Solving social problems is critical. "Technically, management’s not that complex, but the politics can be gruesome," Paquette says. "What is scary is that a lot of people buy monitoring tools just to prove something is not their responsibility. It’s important to isolate problems, but to say ‘it’s not my problem’ is woefully insufficient."

Paquette suggests that managers need to first define the problems they are trying to solve -- are they looking for an NT only solution? Then it’s necessary to define the services that will be made available. Finally, there are organization and process questions: How will change management be handled? Who is responsible for what? "You should spend 75 percent of your budget on organization and processes," Paquette says. "You can be successful with any software if you have a good solid organization and processes."

The best place to address these issues, and to tie desktop, server, and network management together, is the helpdesk. "We think the consolidated helpdesk is the critical and most strategic of network and system management," Paquette says. "It is the embodiment of organizational structure and process, and it is those which are critical to success."

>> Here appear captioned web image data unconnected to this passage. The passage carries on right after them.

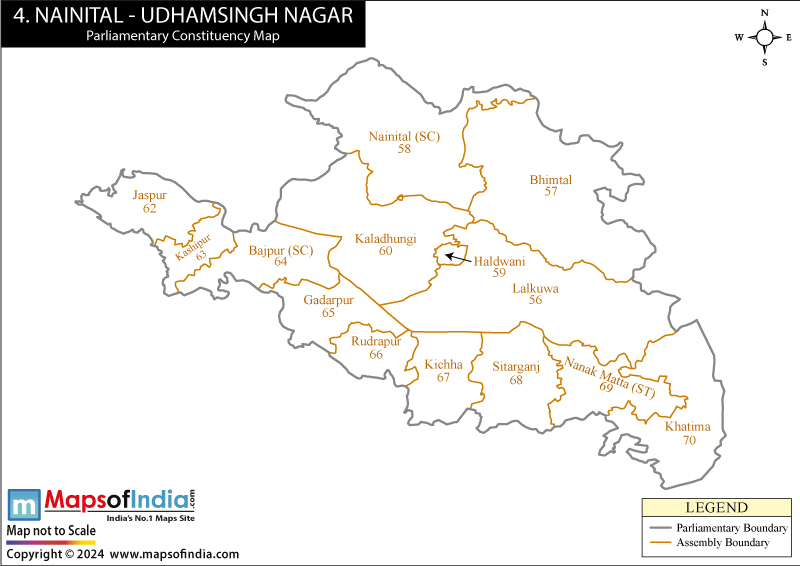 Nainital-Udhamsingh Nagar Constituencies Map Uttarakhand
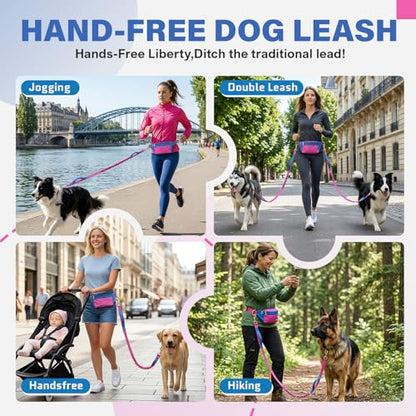 Hands-Free Dog Leash: Versatile Color-Block Bungee for Large & Multi-Dog Walking, Modular Tech-Pouch, Sponge-Padded Waist Belt for Running, Hiking & Urban Strolls (White) - color: White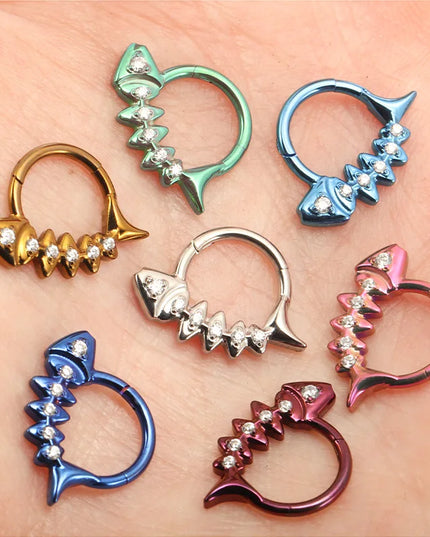 G23 Titanium Fishbone Spike Nose Ring Hinged Clicker Septem Piercing Gothic Zircon Anodized Segment Hoop Ring Daith Earring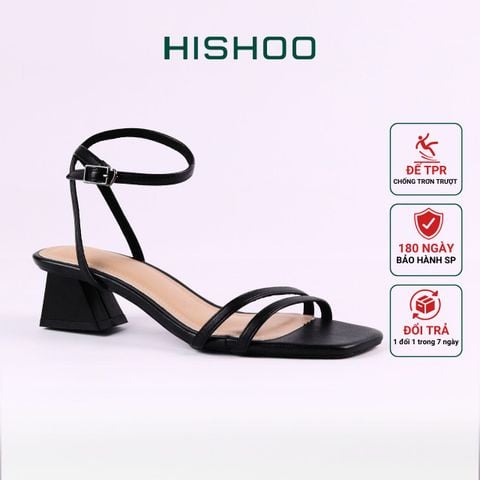 Giày Sandal Cao Gót 5cm Quai Ngang 2 Dây Mảnh Hishoo S043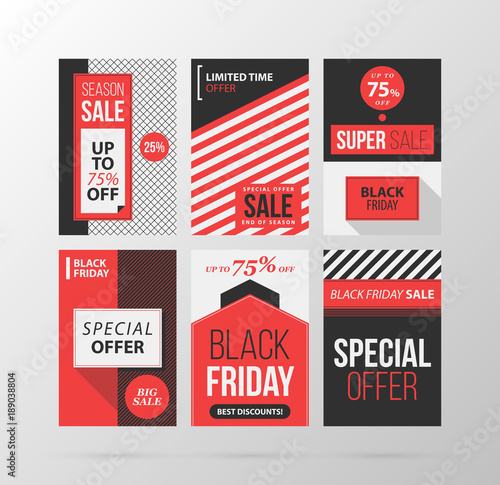 Set of six Black Friday banners/posters in retro black and red style on gray background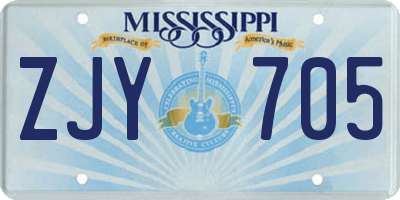 MS license plate ZJY705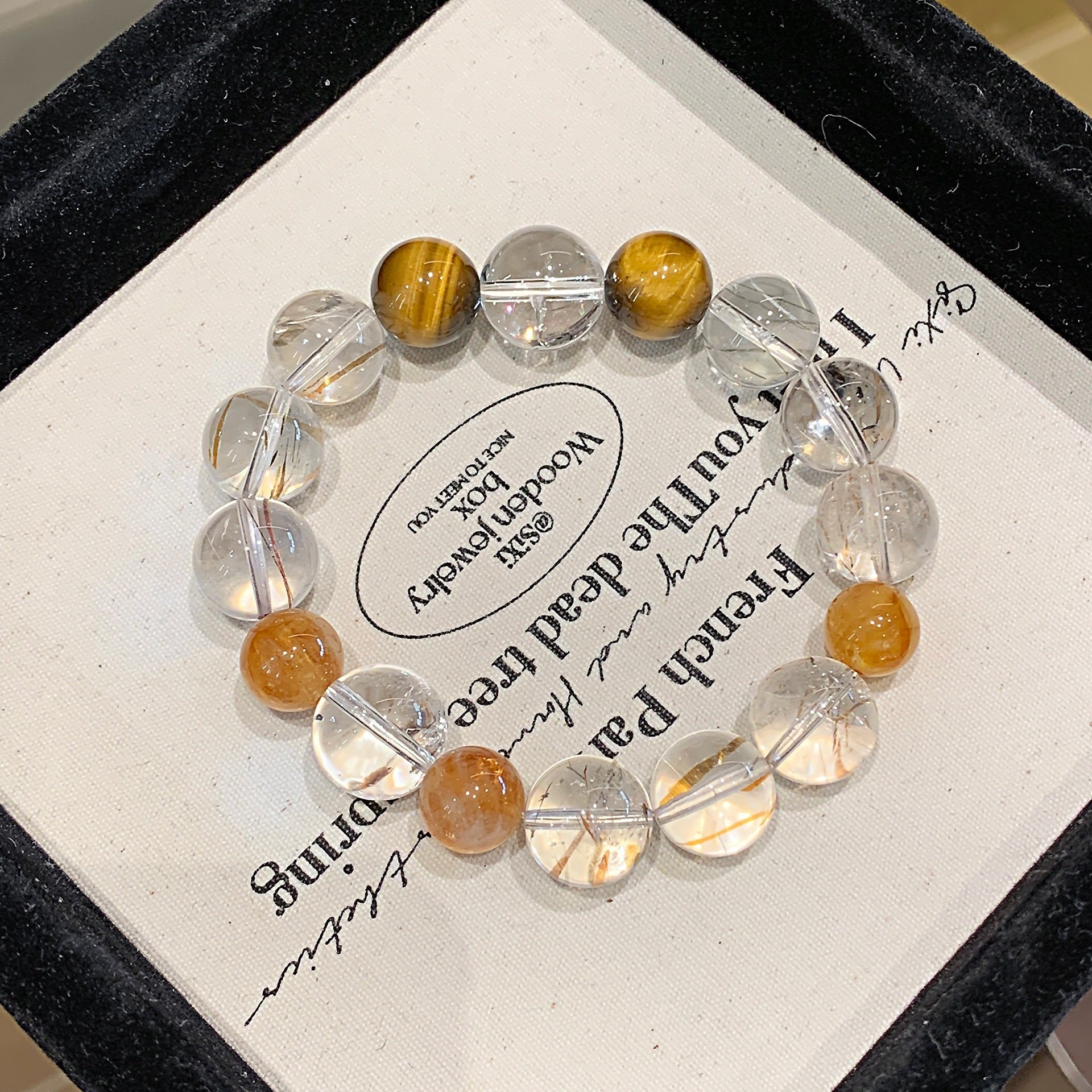 Natural Crystal Bracelet Autumn Original Design Bracelet Couple Style Gift for Girlfriend Black Gold Super Seven Crystal Bracelet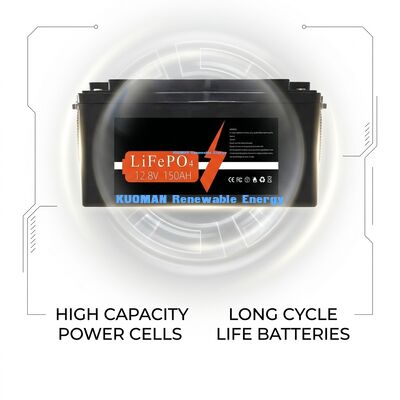 Akumulator KM 1920Wh 12V 150Ah Akumulator litowy głęboki cykl z 8000 cyklami do przechowywania energii i zasilania RV / wózka widłowego / wózka golfowego / jachtu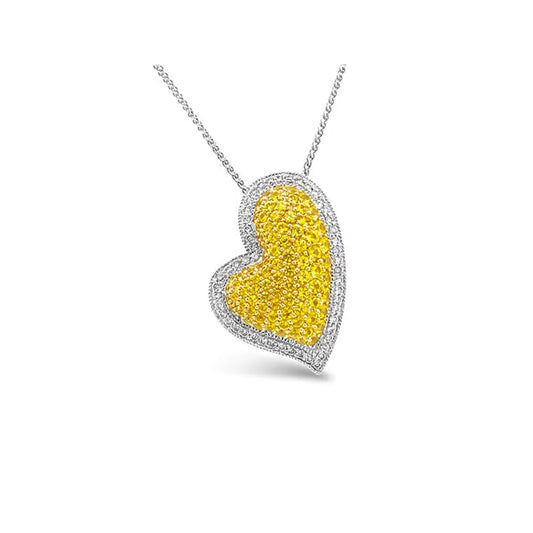 (REF 1315) 2.00cts DIAMOND PENDANT HEART (18CT YELLOW/WHITE GOLD)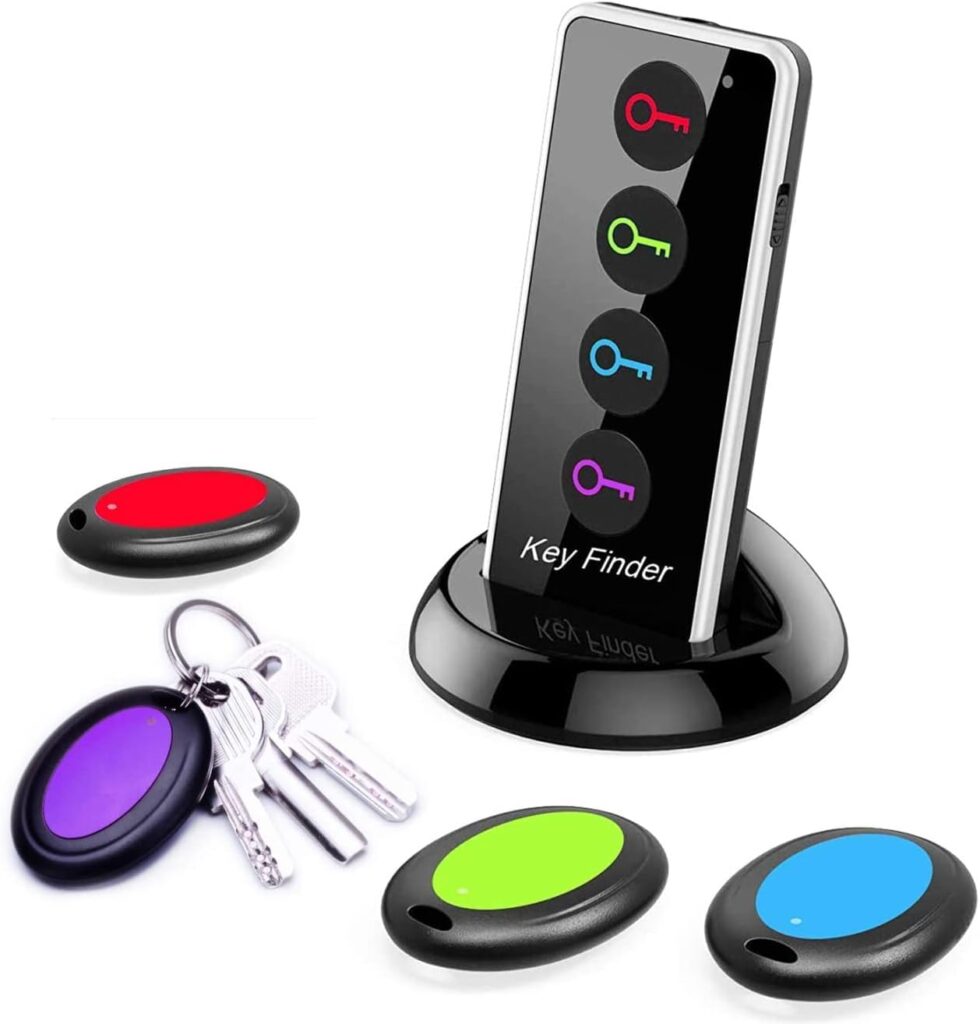 Reyke Key Finder, 80dB+ RF Item Locator Tags with 131ft. Working Range, Wireless Remote Finder Key Finder Locator for Finding Wallet Key Phone Glasses Pet Tracker, 1 RF Transmitter  4 Receivers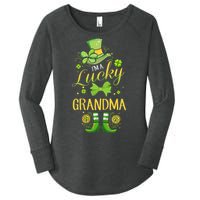 Womens I'm A Lucky Grandma St Patty's Day Gift For Grandmother Women's Perfect Tri Tunic Long Sleeve Shirt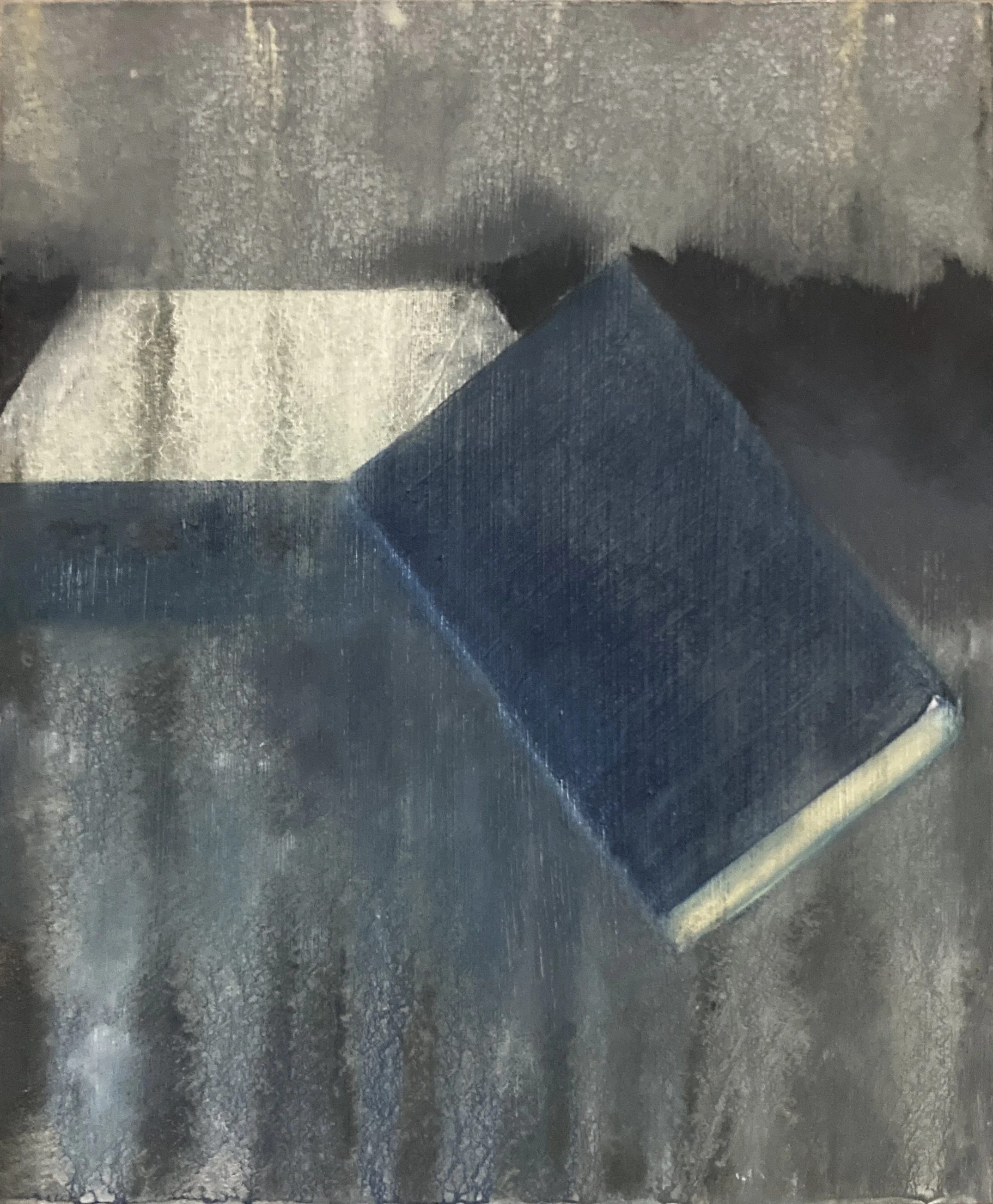 Building and Book, oil on gessoed panel, 40 x 30 cm, 2026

The good news is that capabilities once available only to large shops willing to spend heavily are now becoming universally available. "Ease of use and ROI are getting better, so systems management is now an option for most sites," says Kevin Coughlin, product manager for Seagate Software’s Manage Exec product.

With hardware and software becoming an ever smaller portion of IT budgets, management will become increasingly important in reducing PC ownership costs. Unfortunately, solutions to management problems are not simply technical fixes from a single vendor. Instead, these solutions require developing new processes and the judicious selection of a few tools from the dozens now available. -- Jeff Ubois is a San Francisco-based consultant and writer. His work has appeared in ENT, Information Week, Upside, and Interactive Week. He can be reached at [email protected].